Trudging onwards to the hut at Yourdamung (reached via a 300 metre spur), we were further disappointed to see that the control burn extended all the way to the area immediately surrounding the hut. As an ironic touch, Yourdamung is one of the few huts in the northern half that does not have a fire ring. As per the guidebook: 'this is a "No Fires" site, due to the conservation value of the forest in the area - please use your fuel stove.'



I must have been in a bit of a grumpy mood as my immediate thought when seeing the green painted table was that it served to really highlight the contrast between the colour green and burnt forest. 

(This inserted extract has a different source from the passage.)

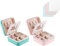 Aucuu 2PCS Joyero Pequeña, Joyero Viaje con Espejo, Portátil Jewelry Organizer para Mujer, Joyero Pequeño para Mujeres, Cajas Pequeño para Joyas para Anillos, Collares, Pulseras, Aretes-Rosa+Azul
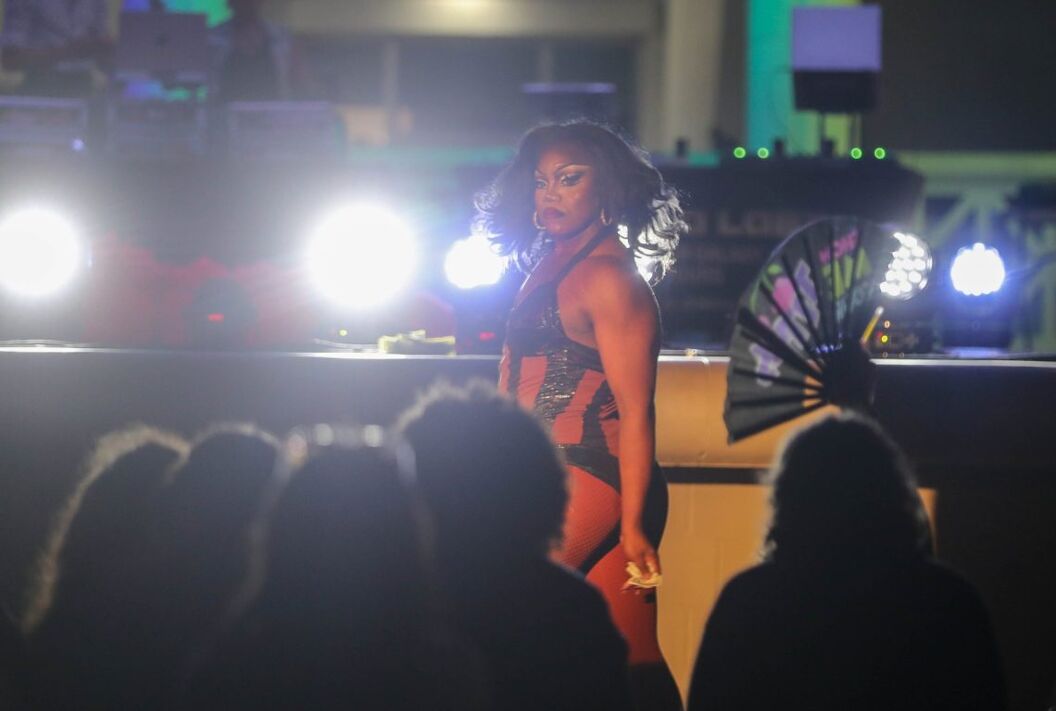 Drag performer Sallie Just Sallie moves through the crowd during the Savannah Pride Festival on Saturday, October 25, 2025 at Forsyth Park.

Harvey-Quindanning to Yourdamung was a bit of a mixed bag. The initial wildflower-filled stretch leading to the conveyor belt was quite lovely, as were the sections along both the Opossum and Harris Rivers. I was also particularly impressed by the beauty of the virgin Jarrah forest in the sections that were not burnt. Unfortunately, this stretch of the track is very badly scarred by the aftermath of both the Lower Hotham Fire and controlled burns, and it made for far less engaging walking than it would be otherwise. Given that Possum Springs appears to have been burnt down twice and the overall drying trend will likely mean even more fires in the future, I'm a bit pessimistic about this section ever being in pristine condition. Nevertheless, Alissa and I were happy to have completed this section; with this day done we now only had four more days to go before completing our section End to End!